Abstract: The Conversational Recommendation System (CRS) aims to capture user dynamic preferences and provide item recommendations based on multi-turn conversations. However, effectively modeling these dynamic preferences faces challenges due to conversational limitations, which mainly manifests as limited turns in a conversation (quantity aspect) and low compliance with queries (quality aspect). Previous studies often address these challenges in isolation, overlooking their interconnected nature. The fundamental issue underlying both problems lies in the potential abrupt changes in user preferences, to which CRS may not respond promptly. We acknowledge that user preferences are influenced by temporal factors, serving as a bridge between conversation quantity and quality. Therefore, we propose a more comprehensive CRS framework called Time-aware User-preference Tracking for Conversational Recommendation System (TUT4CRS), leveraging time dynamics to tackle both issues simultaneously. Specifically, we construct a global time interaction graph to incorporate rich external information and establish a local time-aware weight graph based on this information to adeptly select queries and effectively model user dynamic preferences. Extensive experiments on two real-world datasets validate that TUT4CRS can significantly improve recommendation performance while reducing the number of conversation turns.
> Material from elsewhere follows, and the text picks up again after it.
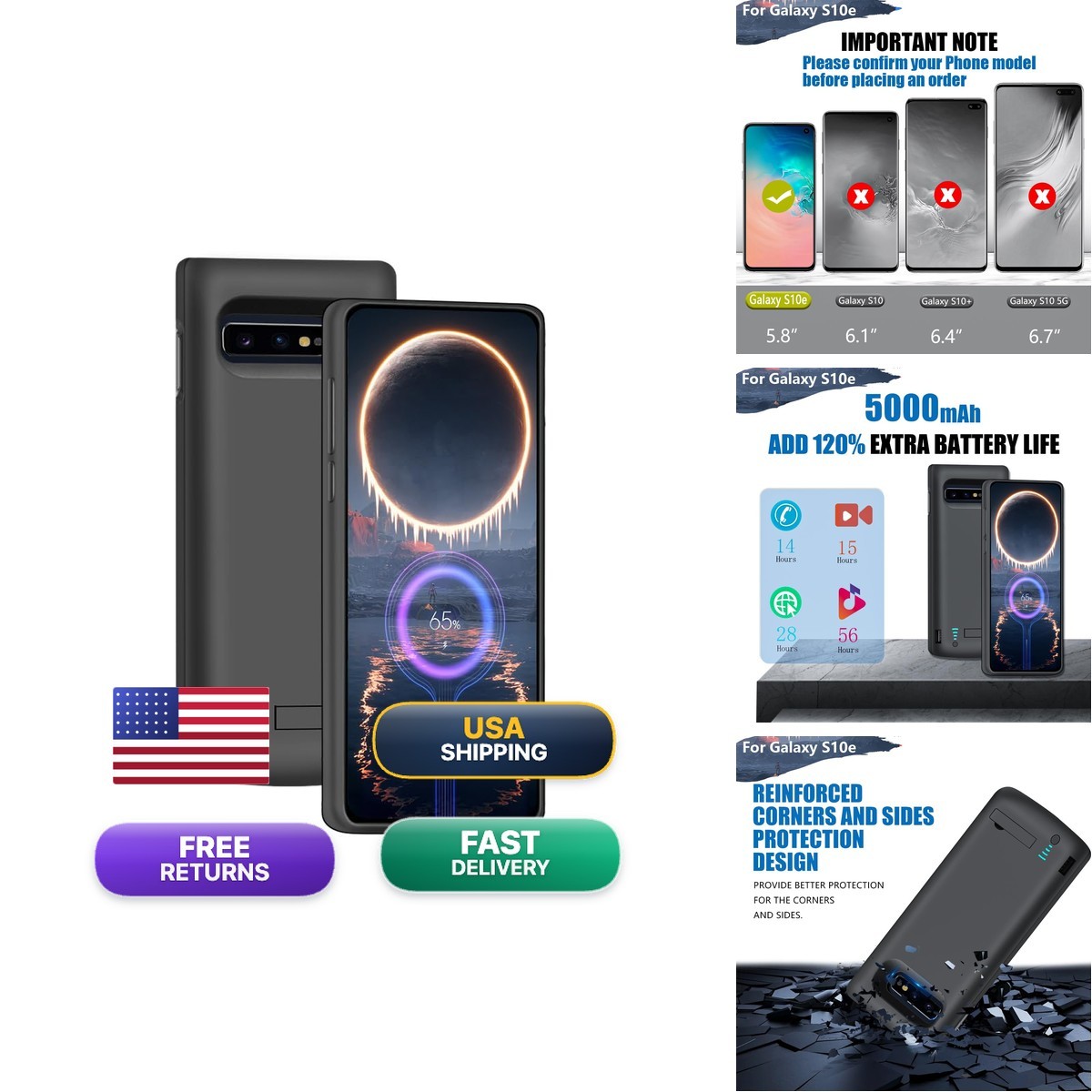 Loytal Upgraded Battery Case Samsung Galaxy S10e, 5000mAh Rechargeable Extended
Primary Subject Area: [Engagement] Multimedia Search and Recommendation
Secondary Subject Area: [Engagement] Multimedia Search and Recommendation
Relevance To Conference: There are quantitative and qualitative aspects to Conversational Recommendation System (CRS) , and previous work has addressed the two issues independently of each other without recognising the intrinsic link between them. Our work recognizes that user behavior is usually influenced by the time factor, which is a bridge connecting the quantity and quality aspects of CRS, and using the time factor to address both problems simultaneously provides new ideas and modal data for the study of CRS.